The DWU configuration is workload-specific, and it completely depends on your workload performance and how you want the system to handle it. The best approach to set a baseline is to start small and do enough testing by increasing gradually until you hit the right parameter. From basic up to DW500c, are all single compute nodes with varying compute power, which means you are running your load on a single node server. Scale up and down to see the performance levels and adjust the DW setting accordingly and use DW1000c or above for testing any production loads, POC’s on less than 2 nodes won’t be fit enough to prove the loads for production. The best practice is to scale out DWUs before a heavy data load, transformation operations or before peak business hours when you expect a large number of concurrent queries.

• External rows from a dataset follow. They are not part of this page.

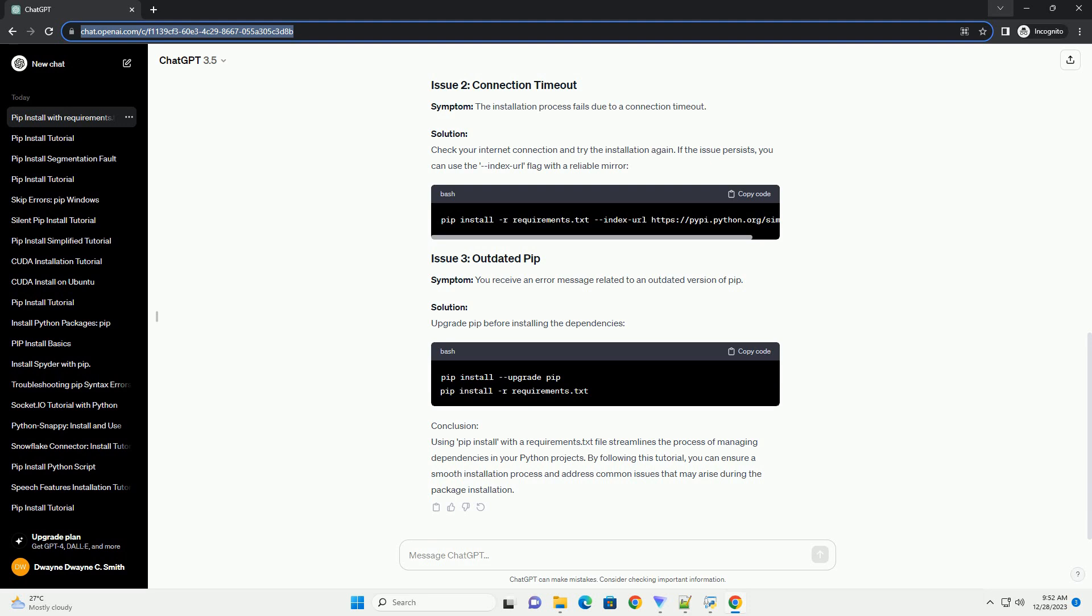Step 2: Install dependencies with pip install. To install the dependencies listed in requirements.txt, open a terminal and navigate to your project directory. Run the following command. This command tells pip to install all the packages listed in the requirements.txt file along with their specified versions.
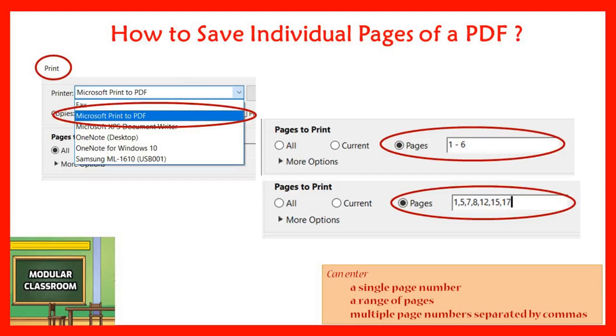But at the same time, we may not need every page of that particular PDF file, and it can be difficult to separate pages into a single file.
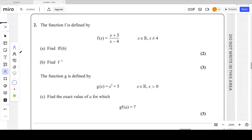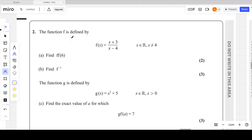The second question of the P3 October 2023 paper is from functions, the very first chapter of the P3 book. The function f is defined by the given equation for f(x). The domain is very important to consider, because most students feel confused about domain and range in functions, so it's important to understand both.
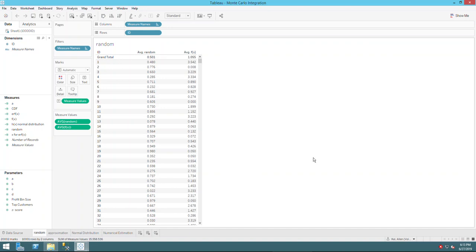Today I'm going to talk about Monte Carlo integration in Tableau. The basic idea is that you generate a list of random numbers, plug them into a function, take the sum, divide by your sample size, and you will get a number that is very close to the actual integral.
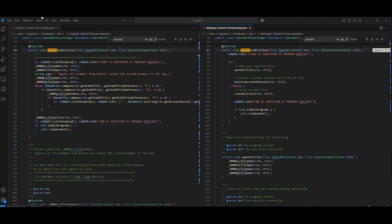I hope you enjoyed this demo on AWS Transform for Mainframe, an agentic AI service for modernizing mainframe workloads at scale. Thank you.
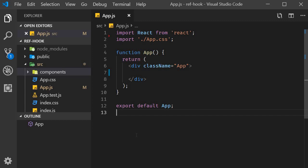The next hook we are going to learn about is the useRef hook. This hook makes it possible to access DOM nodes directly within functional components. For our understanding, we will take a look at one of the more common use cases, which is focusing a text input.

Performance level Compute nodes Distributions per Compute node Memory per data warehouse (GB)
DW100c 1 60 60
DW200c 1 60 120
DW300c 1 60 180
DW400c 1 60 240
DW500c 1 60 300
DW1000c 2 30 600
DW1500c 3 20 900
DW2000c 4 15 1200
DW2500c 5 12 1500
DW3000c 6 10 1800
DW5000c 10 6 3000
DW6000c 12 5 3600
DW7500c 15 4 4500
DW10000c 20 3 6000
DW15000c 30 2 9000
DW30000c 60 1 18000

What is the DWU setting of my current database?

SELECT d.name AS DatabaseName, Edition AS DatabaseEdition, service_objective AS ServiceObjective FROM sys.database_service_objectives AS dso INNER JOIN sys.databases AS d ON dso.database_id = d.database_id

How can I change the DWUs of my existing databases?

ALTER DATABASE <<’database_name’>>
MODIFY (SERVICE_OBJECTIVE = 'DW1000c');

To check the status of the DWU changes that you have made:

SELECT * FROM sys.dm_operation_status
WHERE resource_type_desc = <<'database_name'>>
AND major_resource_id =<<’database_name’>>;

Summary

Today we learned about Azure synapse analytics dedicated pool, what DWU is and how it can be assessed and configured for extracting better performance.

Reference

Microsoft official documentation on Azure Synapse dedicated pool and performance management.